• [INFORMATION]
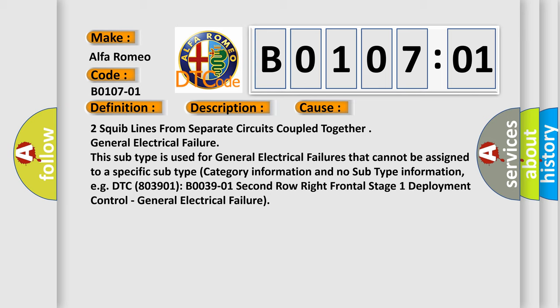This subtype is used for general electrical failures that cannot be assigned to a specific subtype. No subtype category information and no subtype information. For example, DTC B03901, B003901 Second Row Right Frontal Stage 1 Deployment Control, General electrical failure.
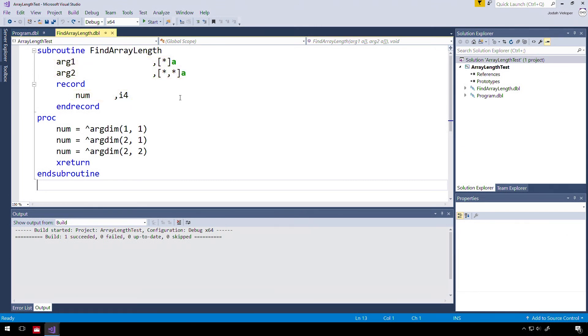Simple so far, but the procedure of our subroutine gets a little tricky. Here we are using the %ARGDIM data reference operation, which is used to return the dimensional number of an argument.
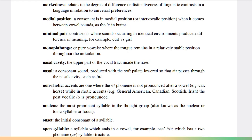Markedness relates to the degree of difference or distinctiveness of linguistic contrasts in a language in relation to universal preferences. Medial position: a consonant is in medial position or intervocalic position when it comes between vowel sounds, as the t in butter. Minimal pair contrasts is where sounds occurring in identical environments produce a difference in meaning, for example curl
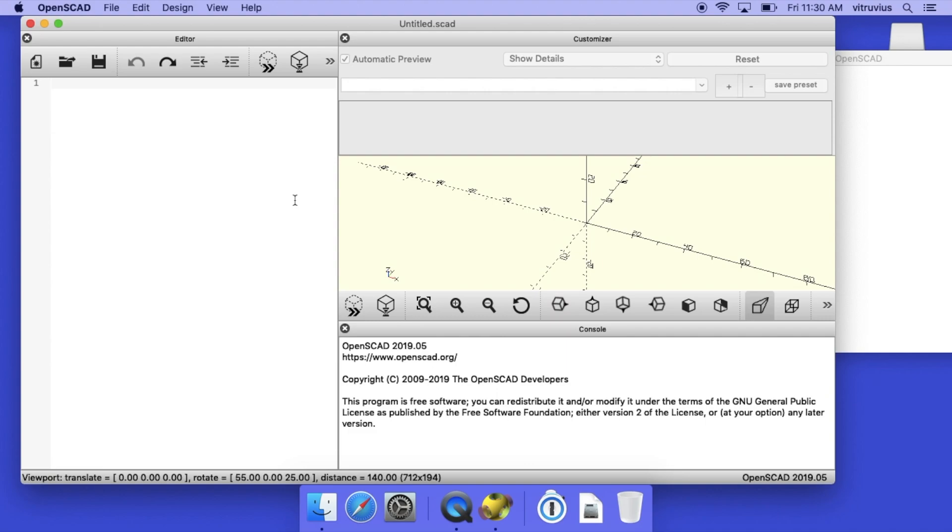Now the first time you open OpenSCAD it may come up with a window like this, and you'll see on the top right half of the window it says customizer. Well that's an option that some people are incredibly fond of, but it's not one that we need and it uses up valuable screen space. So the thing to do is to put that away by simply clicking on the X in the top left of that pane. That disappears and we're left with the three windows that we'll be dealing with.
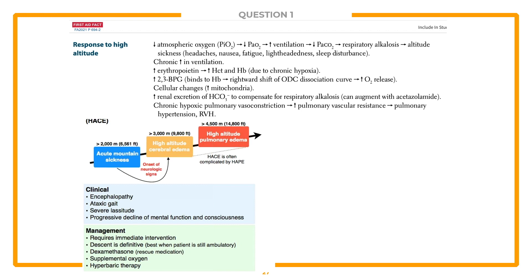However, if acute mountain sickness progresses, it can lead to fluid accumulation and cerebral edema due to increased capillary permeability in the brain, possibly due to high intracranial pressure. If that were to progress further, it could develop into high-altitude pulmonary edema. High-altitude cerebral edema often presents as encephalopathy and ataxic gait, as shown in the table. So if this progresses into cerebral edema, you could develop encephalopathy and ataxic gait, which is why ataxia is the best answer.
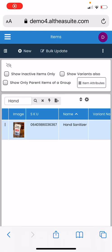Hello everyone, today I'm going to show you how to use an iPhone or Android phone to scan barcodes using the phone camera. I'm running Althea Suite demo account on my iPhone. You can see that I have created one item, Hand Sanitizer, which I created in my earlier video.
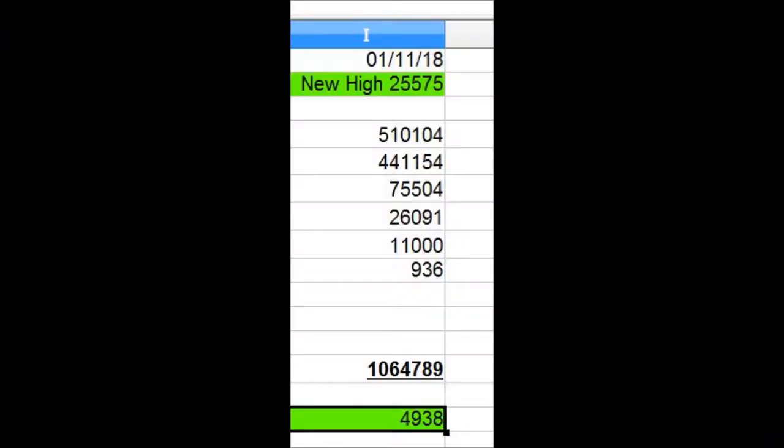Everybody claims that Wall Street is nothing but a big casino. Well, the casino today paid me a little over $4,900. For this first week of trading in 2018, the Wall Street casino gave me $17,500.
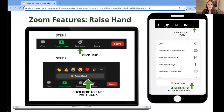If you'd prefer to verbally ask a question during the discussion time at the end, we encourage you to do so. On a laptop or desktop, click Reactions near the bottom of your screen and then click Raise Hand. On a mobile device or tablet, click the three horizontal dots that say More, then click the Raise Hand button.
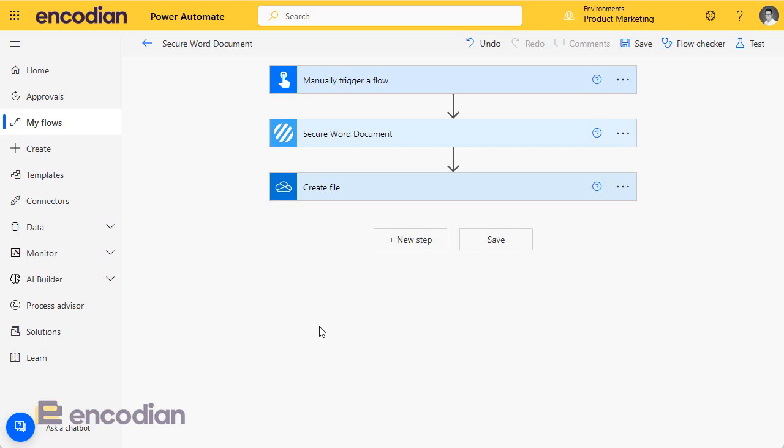Hi, so in this video we're going to show how we can take an example flow that we built for a blog post covering the secure Word document action, where we're basically manually triggering a flow to select a document, secure it and save it to OneDrive, and how we can take that flow and publish it across all of our SharePoint libraries to allow users to selectively secure a Word document.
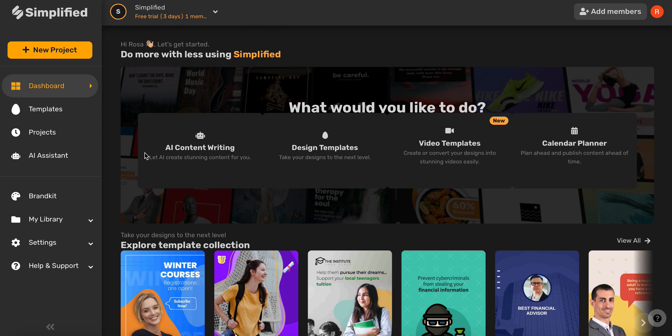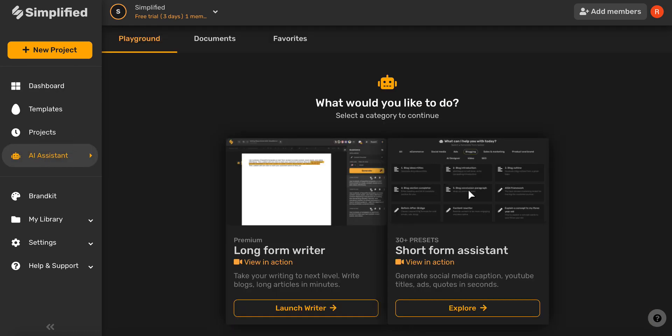Let's start by choosing the AI Assistant on the left-hand side toolbar, and then selecting Short Form Assistant.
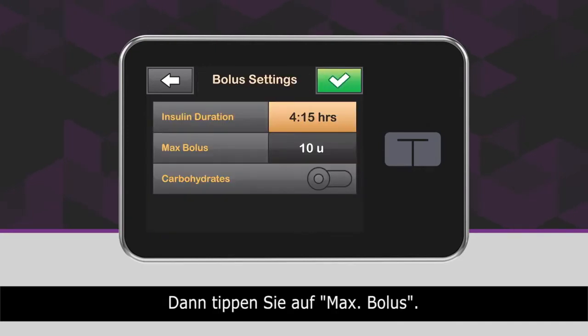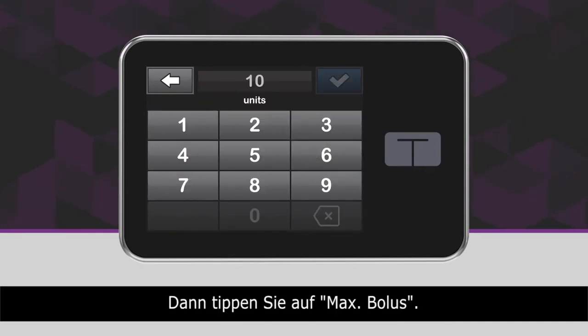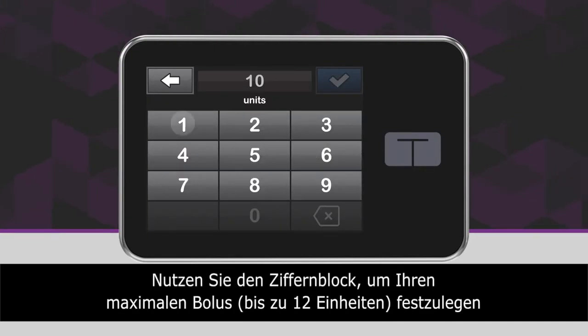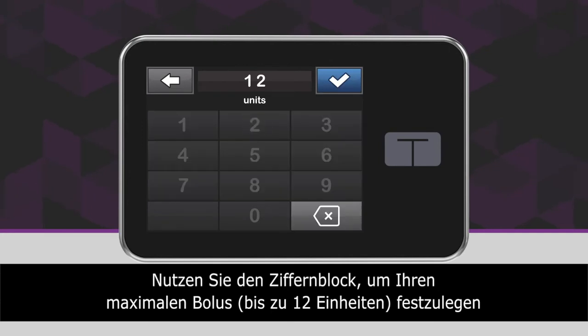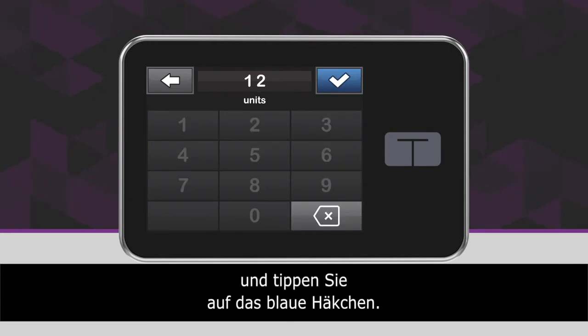Next, tap Max Bolus. Using the on-screen keypad, enter the desired amount for your maximum bolus size up to 12 units and tap the blue checkmark icon.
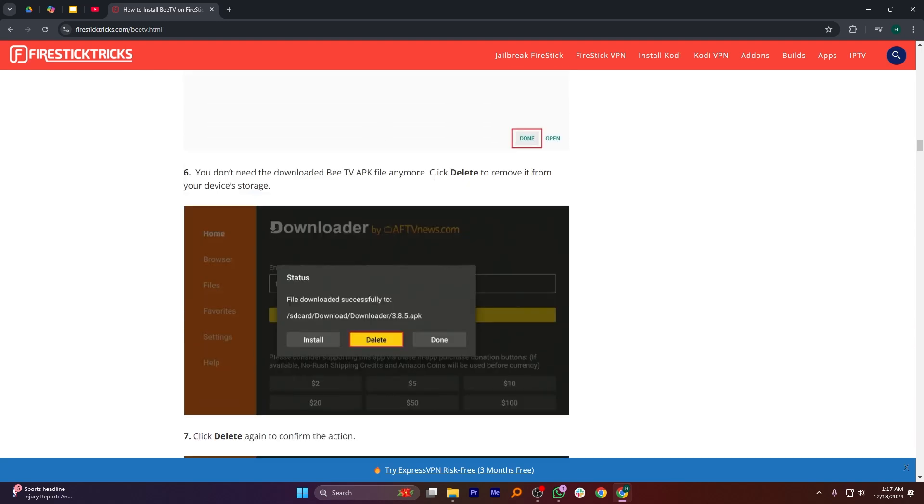You don't need to download the BTV APK file anymore. After that, click Delete to remove it from your device's storage. Then, click Delete again to confirm the action.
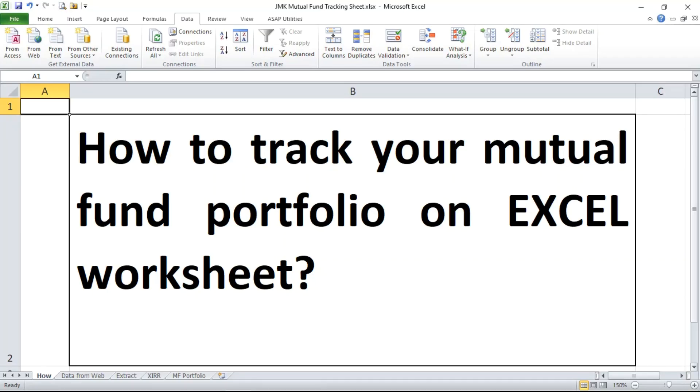Hi guys, welcome to our YouTube channel JMK Your Finance Partner. You must have seen our last video on how to track your mutual fund portfolio on Excel worksheet. However, I was expecting people to comment on my video and say where is the automatic updation of portfolio. So in this video I'm going to show you how your portfolio updates value automatically.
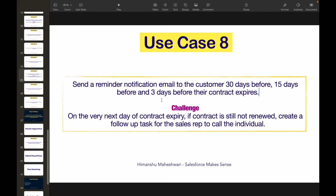Welcome back to another video in Salesforce Makes Sense. This is use case number eight of the Flow Builder master class. For those who feel confident building record-triggered flows on your own, pause the video, try solving this yourself, and let me know in the comments. For those who want to solve this alongside me, keep your screen ready and follow along.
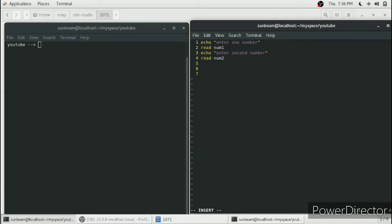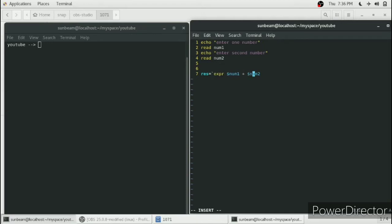After that, we will save the result of num1 plus num2 into res. The addition has to be done as an expression, so we have to assign the result of this expression to res using a backtick — the key below the escape key.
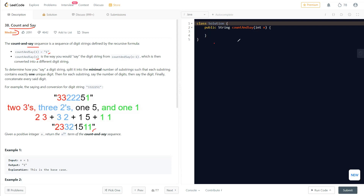So for Count and Say of one, the first thing we have is '1'. How do we say that? That's one one, so the next value is '11'. Now '11' has two ones, so we say two ones, giving us '21'. Then '21' has one two and one one, so we write '1211'. Further, there's one time one, one time two, and two times one — giving us '111221'.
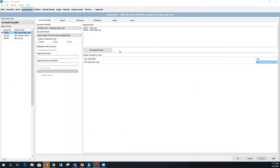You can also choose whether you want the check on the bottom, dual stub, or single stub — you get to select that from this particular section in Create-A-Check.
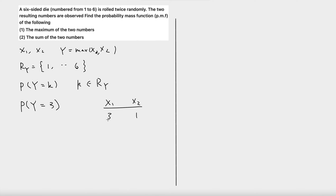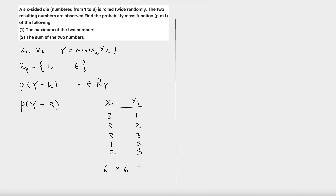If x1 is three and x2 is one, the maximum would be three. Three and two also works. We can also have three-three, one-three, and two-three. So all five of these combinations work — these are all possible values of x1 and x2 such that the maximum is three. Because x1 can take six values and x2 can take six values, the total number of combinations is 36. Out of these 36 combinations, five have a maximum value of three, so the probability y equals three is five over 36.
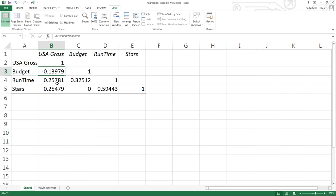We see here that runtime and gross sales is related at a positive 0.25. So I would consider that to be a weak positive relationship. As the movies get longer, the gross sales go up. Still not quite surprising.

• [HOW TO COMPLETE THIS TASK]
Could you repeat, exactly, only the lines above starting at the one that has "After that, we" and stopping after the one that has "If x1 is three", without the pictures?

• [SOLUTION]
After that, we will save the result of num1 plus num2 into res. The addition has to be done as an expression, so we have to assign the result of this expression to res using a backtick — the key below the escape key.
So for Count and Say of one, the first thing we have is '1'. How do we say that? That's one one, so the next value is '11'. Now '11' has two ones, so we say two ones, giving us '21'. Then '21' has one two and one one, so we write '1211'. Further, there's one time one, one time two, and two times one — giving us '111221'.
You can also choose whether you want the check on the bottom, dual stub, or single stub — you get to select that from this particular section in Create-A-Check.
If x1 is three and x2 is one, the maximum would be three. Three and two also works. We can also have three-three, one-three, and two-three. So all five of these combinations work — these are all possible values of x1 and x2 such that the maximum is three. Because x1 can take six values and x2 can take six values, the total number of combinations is 36. Out of these 36 combinations, five have a maximum value of three, so the probability y equals three is five over 36.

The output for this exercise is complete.